Sasidhar Maddipatla
December 5th 2021
what is hard data and soft data?
“Hard” data is obtained from government statistical agencies and other sources and examined and scrutinized for insights into the broad economy. Other type of data is derived from surveys of businesses, consumer confidence and sentiment surveys - and is used similarly: to infer future business outcomes and performance.
In our business scenario, does adding soft data like Volatility index and uncertainty index improve the univariate(employment) forecast?

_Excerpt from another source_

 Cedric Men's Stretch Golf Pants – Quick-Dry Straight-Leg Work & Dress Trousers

Monthly Employment data (hard data)
Monthly Fear or volatility index(soft data)
Monthly uncertainty Index(soft data)
#Employment Data
empl = pdfetch::pdfetch_FRED("PAYEMS") #Monthly and seasonally adjusted data.
# Fear Index data
vix = pdfetch::pdfetch_FRED("VIXCLS") # the fear index
vix.m = xts::to.monthly(vix, indexAt = "yearmon", drop.time = TRUE)
vix.m = vix.m[,4]
#Uncertainty index
uix = pdfetch::pdfetch_FRED("USEPUINDXD") # the uncertainty index
uix.m = xts::to.monthly(uix, indexAt = "yearmon", drop.time = TRUE)
uix.m = uix.m[,4]
#Convert to TS
empl.ts = ts(empl, start = c(1939,1), end = c(2021, 11), frequency = 12)

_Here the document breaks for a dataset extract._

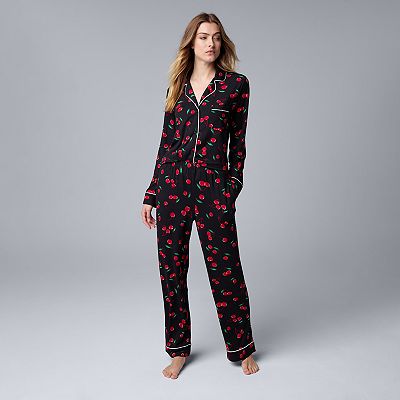 Women s Simply Vera Vera Wang Long Sleeve Pajama Top Pajama Bottoms Sleep Set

vix.m.ts = ts(vix.m, start = c(1990,1), end = c(2021, 12), frequency = 12)
uix.m.ts = ts(uix.m, start = c(1985,1), end = c(2021, 12), frequency = 12)
#Adjust the time-periods to match the time-periods of uncertainty and volatility variables.

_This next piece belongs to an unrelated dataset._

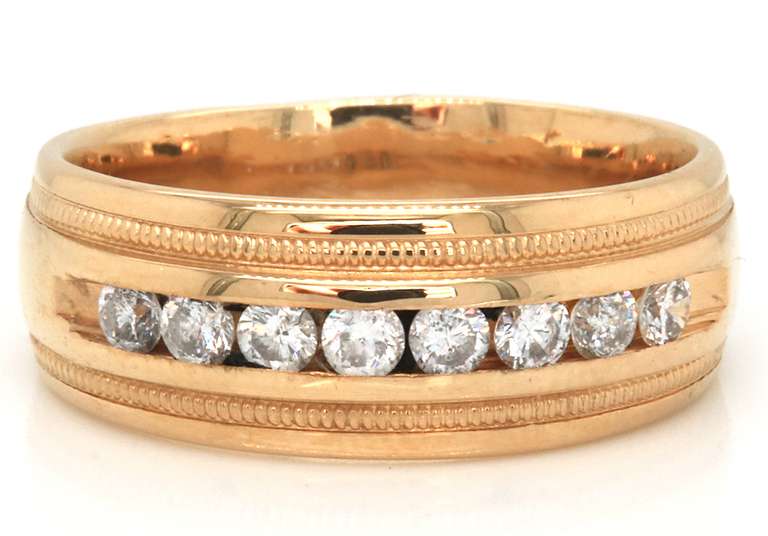 Handsome Gents' 14kt YG Channel Set Wide Band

empl.ts = window(empl.ts, start = c(1990,1), end = c(2021, 11), frequency = 12)
vix.m.ts = window(vix.m.ts, start = c(1990,1), end = c(2021, 11), frequency = 12)
uix.m.ts = window(uix.m.ts, start = c(1990,1), end = c(2021, 11), frequency = 12)
#employment data split
emp_split=ts_split(empl.ts)
length(emp_split$train);length(emp_split$test)
start(emp_split$train); end(emp_split$train)
start(emp_split$test); end(emp_split$test)
# uncertainty and volatility variables split
vix_split=ts_split(vix.m.ts)
length(vix_split$train);length(emp_split$test)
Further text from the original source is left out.